AUBURN, Ala. (AP) — Auburn's Nick Marshall is enjoying a luxury none of Gus Malzahn's other college starting quarterbacks have had.
Marshall gets to return for a second season as the starter. He's going through his first spring practice and aiming to show everyone that he's much more than a runner with a strong arm.
"I hope this time next fall that they just feel he's truly a complete quarterback," Tigers offensive coordinator Rhett Lashlee said. "I think he's got the talent."
Auburn's offense flourished with Marshall operating the zone read, either handing off to Tre Mason or keeping it and darting through the line. It seemed simple but was effective enough for the Tigers to win the Southeastern Conference and make it to the national championship game.
Malzahn has even higher expectations for Marshall since he's had eight different full-time starting quarterbacks in as many years on the college level.
Malzahn repeatedly spoke about the handicap the junior college transfer was saddled with last season after not being around for the spring.
The result was a midseason shift to a heavy reliance on the zone read as coaches discovered what worked best for Marshall at the time.
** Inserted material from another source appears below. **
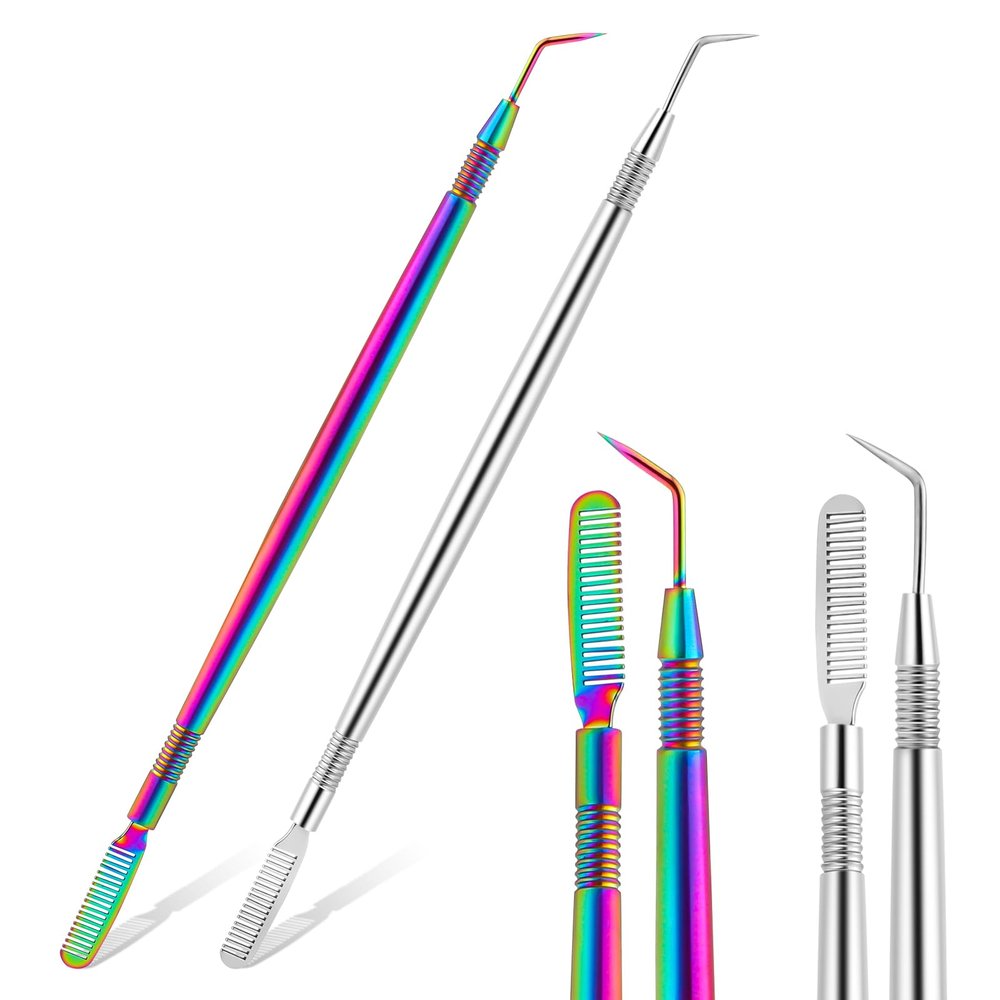 2 in 1 Eyelash Lift Perm Tool, 2 PCS Dual-End Stainless Steel Lash Separator Tool Professional Reusable Metal Lash Lift Rods with Comb for Eyelash Eyebrow Perming Tinting Curling Extensions Supplies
He attempted a combined 26 passes in wins over Arkansas, Tennessee and Missouri in the SEC championship game.
Malzahn said the pre-snap challenges of operating a hurry-up, no-huddle offense alone require more than a handful of practices to master.
"Really, what Nick did with two weeks of practice was really phenomenal," he said. "So the little things the casual eye has seen would be frustrating, but a lot of times there was a lot more to it than what it looks like.
"The goal for him will be at the end of the spring to know our base offense, our base fundamentals and be reactive. We really feel like that's going to happen and it will happen before the end of the spring."